Breakdown: Designing a Highly Detailed AK-47 Magazine
3D artist Ilya Blinder breaks down the entire process of designing a highly detailed and realistic AK-47 magazine from concept to render.
Introduction
Hi, my name is Ilya, and I'm a 3D weapon artist, trying to make textures and stuff like that. I've been studying 3D for about a year and four months, and today I'll tell you how I made this AK-47 magazine. Special thanks to the 3D GUN community, almost all the cool guys helped me create good textures and renders.
Software and References
The programs I used are Blender, Zbrush, Marmoset 5, Substance Painter, Photoshop, and PureReff.
The basis of a good texture is references, and preferably in very high resolution, since when a person photographs any object, the photo will always have dead pixels, and the lower the image resolution, the more artifacts there will be in the photo.
The more references you have, the higher the chance of getting the material and type of damage on the object into the database. But the most important thing is to choose the main reference that you will rely on for roughness, metal, and albedo.
Modeling
The very first thing we start modeling a weapon with is the bullet it uses. In our case, it's the 7x62. Next, we use references to create the general silhouette of the object. Most beginning 3D weapons artists use CAD to create weapons, but I use Evgeniy Petrov's pipeline because it's easier for me and has very strong object control and near-perfect high- poly shading. When creating a basic silhouette, I look for information about the dimensions of the object and adjust the references in Blender to these dimensions.
This is what a scene with boolean objects looks like in Zbrush.
This is what the mesh looks like after Dynamesh and adding welding. I did the welding using the elastic brush.
UV
In UV, the most important thing is to make almost everything into islands with a 90-degree angle, that is, straight lines. I used one 4K texture set with a padding of 4 and a margin of 4. When you're creating work for a portfolio, you don't need to focus too much on padding and margin, since your texture won't be mip-mapped.
To increase the texel of your model, you can reduce the UV islands that are not visible from any side. I also baked the bullet first and then made a large quantity in the magazine for the sake of optimization of the uv, and as a result, by texturing one bullet, all the information was transferred to all bullets. I packed all the islands in Blender using PackMaster 3.0.
Baking
Baking a high-poly model onto a low-poly model was very simple on this model, so I don't see the point in explaining how I did it. I'll just say: enable dithering in the normal map settings and set the baking parameters to 64 samples.
Textures
And now comes perhaps the most difficult stage of creating a model – textures. First, I work on the normal map and make 5-10 light variations of color and roughness.
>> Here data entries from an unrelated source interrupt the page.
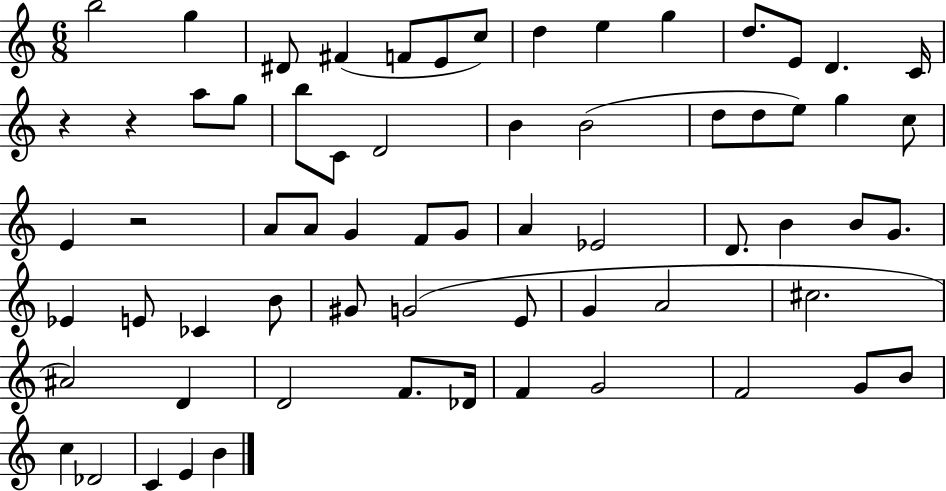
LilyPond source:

{
  \clef treble
  \numericTimeSignature
  \time 6/8
  \key c \major
  b''2 g''4 | dis'8 fis'4( f'8 e'8 c''8) | d''4 e''4 g''4 | d''8. e'8 d'4. c'16 | \break r4 r4 a''8 g''8 | b''8 c'8 d'2 | b'4 b'2( | d''8 d''8 e''8) g''4 c''8 | \break e'4 r2 | a'8 a'8 g'4 f'8 g'8 | a'4 ees'2 | d'8. b'4 b'8 g'8. | \break ees'4 e'8 ces'4 b'8 | gis'8 g'2( e'8 | g'4 a'2 | cis''2. | \break ais'2) d'4 | d'2 f'8. des'16 | f'4 g'2 | f'2 g'8 b'8 | \break c''4 des'2 | c'4 e'4 b'4 | \bar "|."
}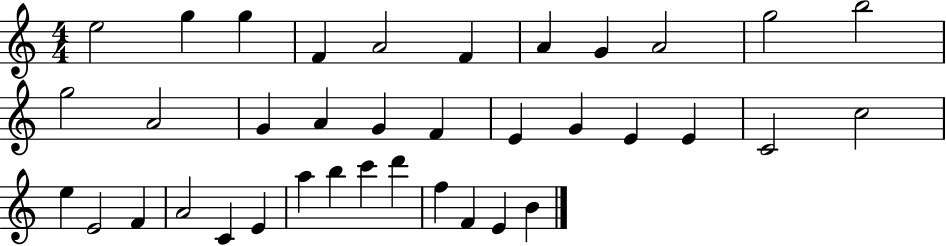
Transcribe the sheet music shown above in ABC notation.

X:1
T:Untitled
M:4/4
L:1/4
K:C
e2 g g F A2 F A G A2 g2 b2 g2 A2 G A G F E G E E C2 c2 e E2 F A2 C E a b c' d' f F E B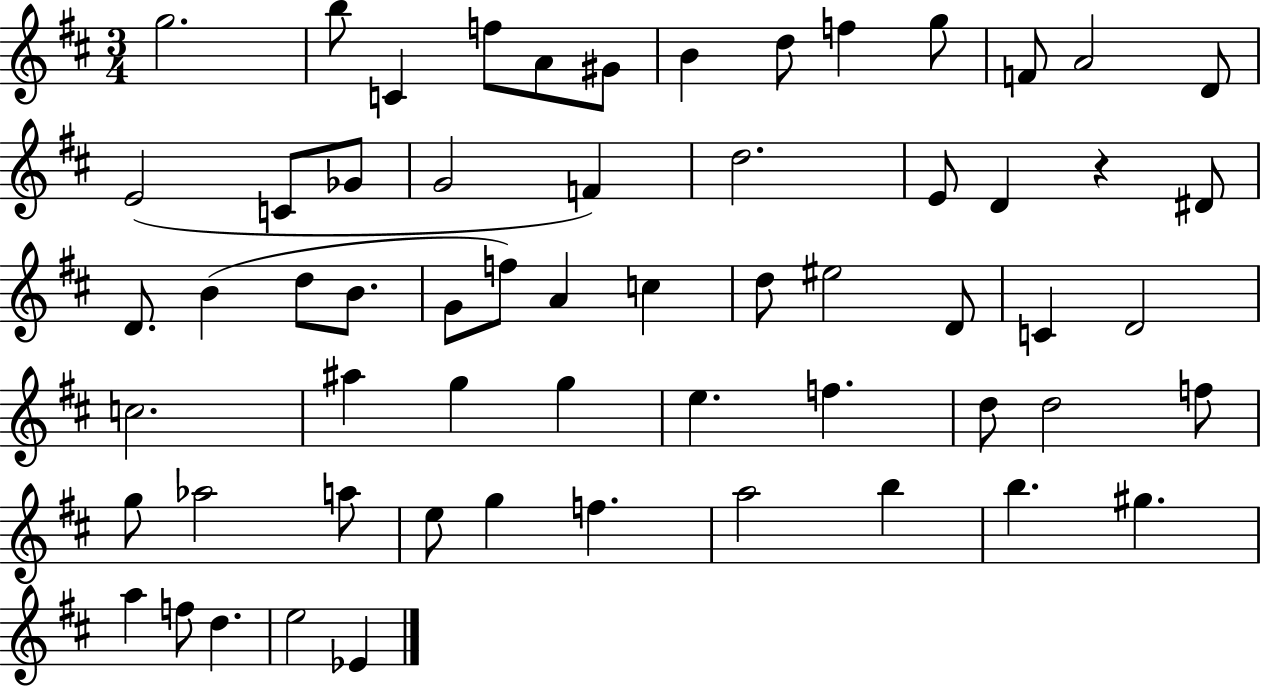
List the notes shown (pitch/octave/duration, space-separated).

G5/h. B5/e C4/q F5/e A4/e G#4/e B4/q D5/e F5/q G5/e F4/e A4/h D4/e E4/h C4/e Gb4/e G4/h F4/q D5/h. E4/e D4/q R/q D#4/e D4/e. B4/q D5/e B4/e. G4/e F5/e A4/q C5/q D5/e EIS5/h D4/e C4/q D4/h C5/h. A#5/q G5/q G5/q E5/q. F5/q. D5/e D5/h F5/e G5/e Ab5/h A5/e E5/e G5/q F5/q. A5/h B5/q B5/q. G#5/q. A5/q F5/e D5/q. E5/h Eb4/q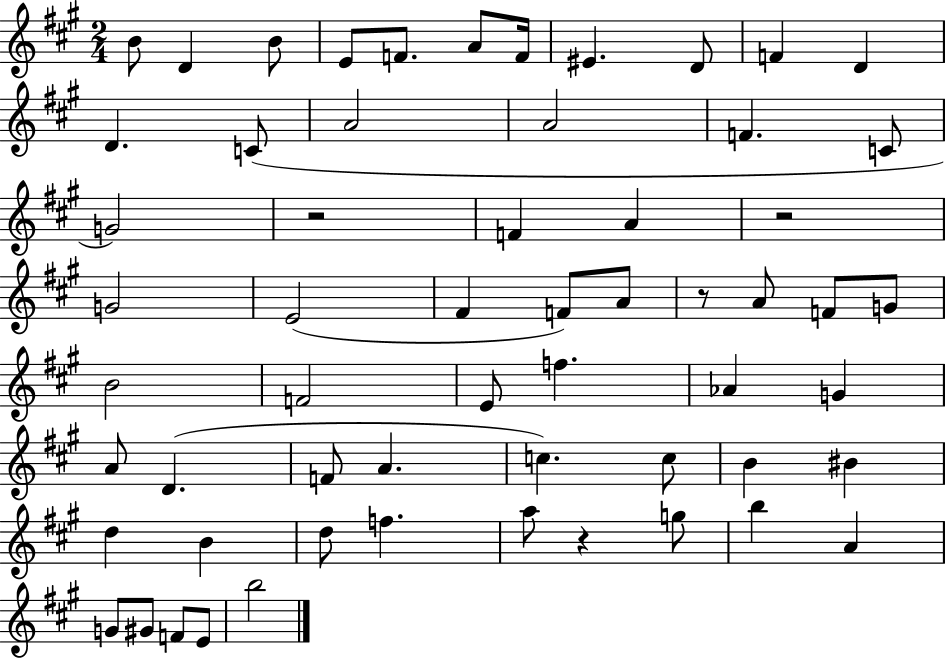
B4/e D4/q B4/e E4/e F4/e. A4/e F4/s EIS4/q. D4/e F4/q D4/q D4/q. C4/e A4/h A4/h F4/q. C4/e G4/h R/h F4/q A4/q R/h G4/h E4/h F#4/q F4/e A4/e R/e A4/e F4/e G4/e B4/h F4/h E4/e F5/q. Ab4/q G4/q A4/e D4/q. F4/e A4/q. C5/q. C5/e B4/q BIS4/q D5/q B4/q D5/e F5/q. A5/e R/q G5/e B5/q A4/q G4/e G#4/e F4/e E4/e B5/h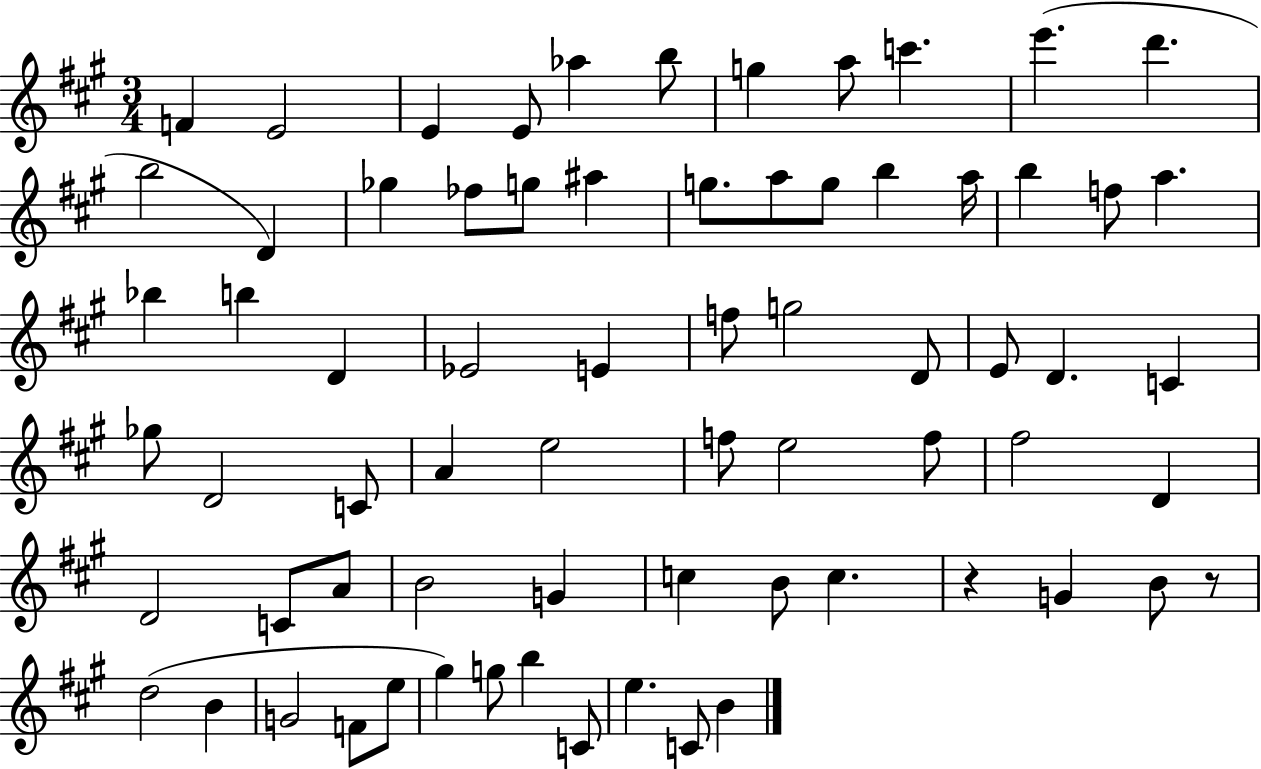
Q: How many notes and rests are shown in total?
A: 70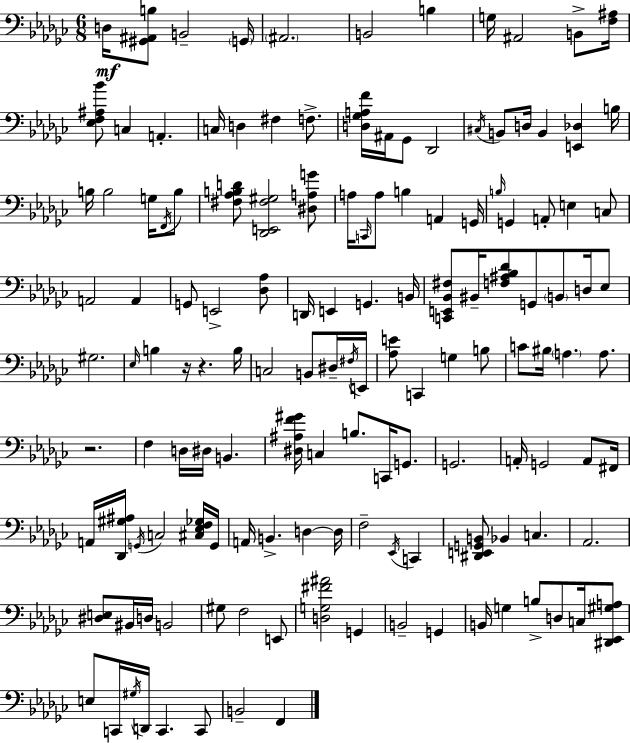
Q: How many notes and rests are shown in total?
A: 139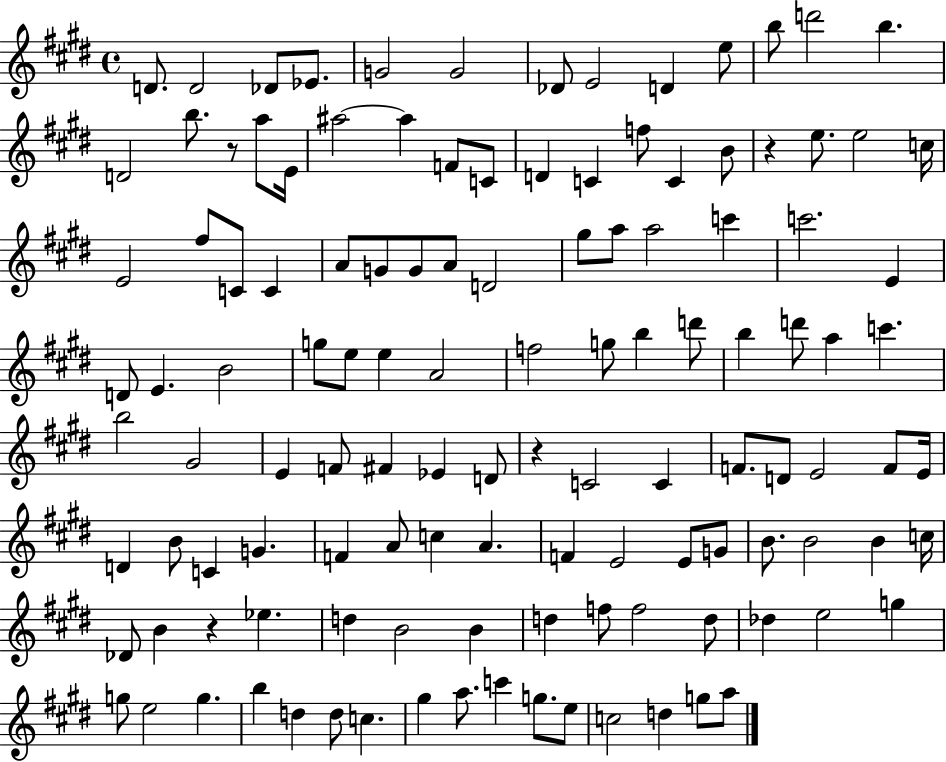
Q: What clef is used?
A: treble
We can work on metal, but this is a very fine line, since there is a high chance that it will all turn into one mush and the texture will be unreadable. At the moment, I work on metal only in damage/paint/dirt/dust/scratches/ and a few variations. At this stage we make a texture with a history as if the store had just left the factory
Next, we add more explicit information, noise, gradients and highlights at the edges.
Then, we add more explicit information, noise, gradients and highlights at the edges.
After that, we create more severe damage, note that in reality there is no damage with a single fill color, so we must make the damage variable like noise, gradients, height, color, metal and roughness variations. Almost all damage needs to be done with stencils, since you can't create 100% realistic damage just by imagining it.
Here, I added milling, oil, and dirt.
And this is the texture we get. I textured all the objects using this principle.
Rendering
Rendering is also very important for the presentation of work, since weak work can be improved with the help of rendering, and a very good one can be killed by rendering. First, use a contrast HDRI map to show color/roughness, then add individual light sources and separate the object from the background; this will look more voluminous.
You can also add blue, red, yellow, or green light to create an atmospheric picture. If you are unsure about using different HDRIs, you can make 2-4 renders with each and then choose which one is better.
Conclusion
Thank you so much to everyone who read this article. I never thought I'd get to 80 Level. I've improved my skills so much after this project, and I'm not planning on stopping.
Have a great day, artists, keep creating and growing in this craft. Good luck!